[Dataset records — start]
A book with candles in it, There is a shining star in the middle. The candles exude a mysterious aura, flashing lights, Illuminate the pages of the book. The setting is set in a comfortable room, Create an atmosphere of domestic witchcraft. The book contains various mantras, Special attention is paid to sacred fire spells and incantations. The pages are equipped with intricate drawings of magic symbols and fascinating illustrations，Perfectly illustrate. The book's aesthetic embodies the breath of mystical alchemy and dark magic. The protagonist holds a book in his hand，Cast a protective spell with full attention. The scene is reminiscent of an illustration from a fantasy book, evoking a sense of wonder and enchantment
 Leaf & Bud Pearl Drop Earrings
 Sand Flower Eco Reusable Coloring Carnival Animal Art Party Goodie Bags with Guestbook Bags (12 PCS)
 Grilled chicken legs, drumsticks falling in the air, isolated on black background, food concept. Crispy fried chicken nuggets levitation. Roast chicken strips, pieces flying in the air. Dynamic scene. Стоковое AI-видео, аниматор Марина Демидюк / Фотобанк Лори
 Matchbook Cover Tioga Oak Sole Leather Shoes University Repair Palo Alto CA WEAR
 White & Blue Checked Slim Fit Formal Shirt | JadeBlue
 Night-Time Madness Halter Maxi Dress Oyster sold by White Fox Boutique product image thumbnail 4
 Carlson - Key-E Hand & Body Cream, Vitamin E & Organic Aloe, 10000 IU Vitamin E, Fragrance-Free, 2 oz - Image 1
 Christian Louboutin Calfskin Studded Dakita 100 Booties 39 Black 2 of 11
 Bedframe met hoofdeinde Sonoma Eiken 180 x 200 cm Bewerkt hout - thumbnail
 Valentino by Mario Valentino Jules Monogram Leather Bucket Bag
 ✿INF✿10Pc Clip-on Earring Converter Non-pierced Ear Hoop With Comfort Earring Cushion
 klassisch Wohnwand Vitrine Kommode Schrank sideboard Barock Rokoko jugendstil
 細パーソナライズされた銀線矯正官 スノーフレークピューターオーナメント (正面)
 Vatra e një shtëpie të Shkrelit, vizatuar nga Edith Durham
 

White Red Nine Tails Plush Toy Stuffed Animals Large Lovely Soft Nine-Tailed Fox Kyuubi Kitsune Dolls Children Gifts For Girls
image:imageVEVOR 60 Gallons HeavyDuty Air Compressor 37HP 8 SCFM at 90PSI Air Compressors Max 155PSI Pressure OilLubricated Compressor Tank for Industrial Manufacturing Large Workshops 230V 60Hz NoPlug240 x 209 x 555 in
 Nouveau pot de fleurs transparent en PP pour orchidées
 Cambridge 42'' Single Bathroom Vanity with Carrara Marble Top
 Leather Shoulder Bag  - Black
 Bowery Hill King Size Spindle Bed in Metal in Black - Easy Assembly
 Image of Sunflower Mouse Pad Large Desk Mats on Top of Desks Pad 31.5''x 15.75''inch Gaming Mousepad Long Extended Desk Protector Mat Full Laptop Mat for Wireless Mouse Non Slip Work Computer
[Dataset records — finish]
Prompt.
Take from the listing above each line containing "Large".

Exercise result.
White Red Nine Tails Plush Toy Stuffed Animals Large Lovely Soft Nine-Tailed Fox Kyuubi Kitsune Dolls Children Gifts For Girls
image:imageVEVOR 60 Gallons HeavyDuty Air Compressor 37HP 8 SCFM at 90PSI Air Compressors Max 155PSI Pressure OilLubricated Compressor Tank for Industrial Manufacturing Large Workshops 230V 60Hz NoPlug240 x 209 x 555 in
 Image of Sunflower Mouse Pad Large Desk Mats on Top of Desks Pad 31.5''x 15.75''inch Gaming Mousepad Long Extended Desk Protector Mat Full Laptop Mat for Wireless Mouse Non Slip Work Computer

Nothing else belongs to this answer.